The future was a cipher, full of dangers.  For today at least, he could be with Anna Daisey. They had today, by God's grace and good fortune, and they would hold on to it until the setting sun ripped it from their fingers.  He had so nearly lost her through his own wretched judgment. He had been so careful not to leave any trail—not to send another note, not to sign his name, not to provide any detail of what had detained him so long.  It was no wonder that she had misunderstood his intentions so horribly.  How could she have felt otherwise?  In his zeal to preserve the treasure he had found, he had very nearly destroyed it.  He would not endanger it again, whatever the consequences might be. He rowed as a free man, unencumbered by concern for anything but Anna's heart.   The blades of his oars skimmed the dark water.  They flew towards the Assateague channel.

 

The farmers of Chincoteague rose early to tend their herds and fields, and the fishermen just as early to set out their nets.  So did the birds and animals who hunted the waterways.  Anna and Sam navigated a labyrinth of narrow creeks and broad ponds on their way to the channel, all connected, each filling and draining with the tides.  The water teemed with all the life that is born in the brackish places between the mainland and the open sea.  The marsh was a nursery for every color of tiny fish.  Tight schools of silver, green and blue darted about the shallows.  On tidal flats, smooth grey clams the size of a fist buried themselves in the muck, feeding on the unseen creatures within it.  Out in deeper water grew the delicate, rough-shelled oysters, indistinguishable at first glance from the rocky shoals to which they fastened themselves.  Everywhere scuttled the busy crabs.  Tiny black fiddler crabs clung to the salt-crusted stalks of cordgrass, their oversized yellow claws on display for potential mates.  Hungry blue crabs patrolled ceaselessly for a meal, while their smaller cousins molted and grew in the rich estuaries all around them.

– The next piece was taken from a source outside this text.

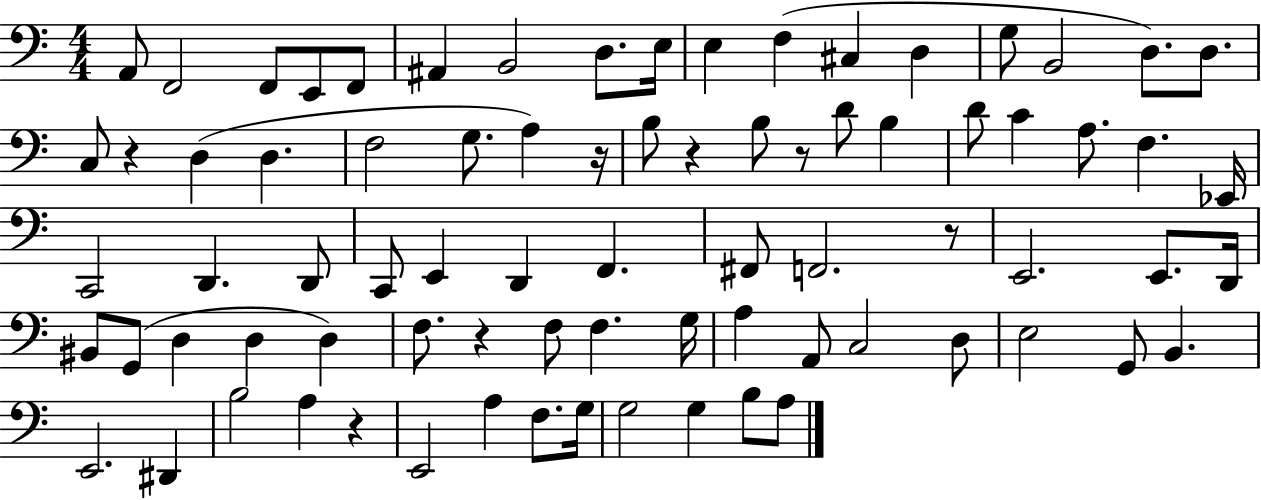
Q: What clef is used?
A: bass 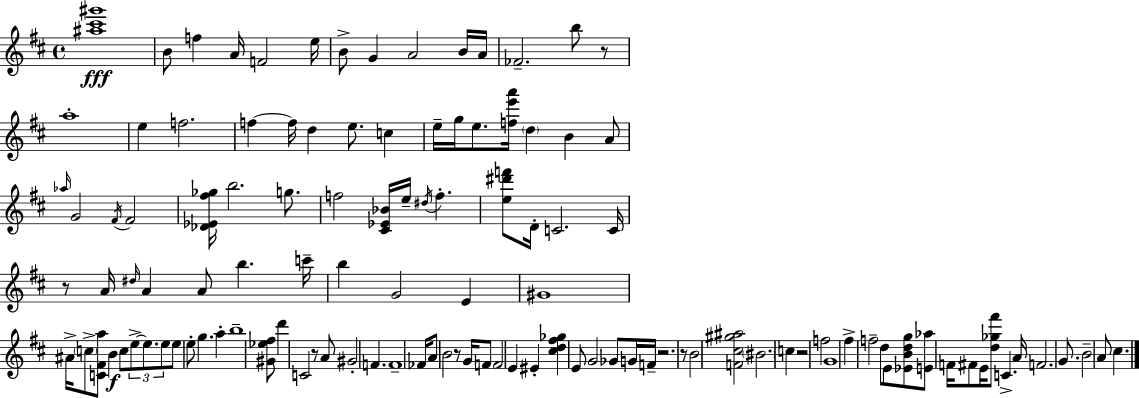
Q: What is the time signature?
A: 4/4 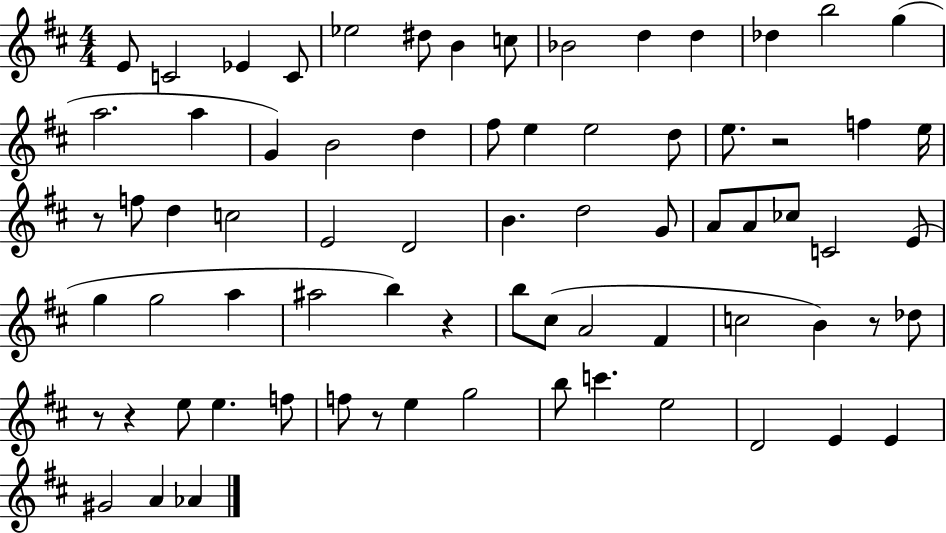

For the island birds it was an unending banquet, a table set long ago by the Almighty and replenished without fail.  They were drawn to the marsh by the lure of food, and the marsh did not disappoint.  No corner of the islands was free of its contingent of birds; they were a part of its landscape.  Some soared the skies, wings tilting in the salty breeze.  Some floated serenely on the surface of the water.  Others plied the shallows on tall, skeletal legs.   Anna had known them all since she could walk, introduced to each variety by her father.  She had drawn each feathered creature in every part of its life. They accompanied her from the earliest days of spring until the harsh breath of winter turned the marsh to ice.  

For Sam, they were all new.  

Not long after they set out, she asked him to stop and gather grasses from the bank.  She used them to transform the skiff's appearance so that it melted into its surroundings.  She fastened milkweed and flowering vines to the oarlocks, and covered the gunwales with bunches of cordgrass and cattail as the market gunners did.  Sam was astonished at how invisible they had become.  Low to the water, disguised as she was, the skiff became a part of the marsh.  Anna brought out the little hand paddles, carried in the hull.  Lying prone, arms extended, a hunter could use them to move like fog along the surface of the water, concealed and silent.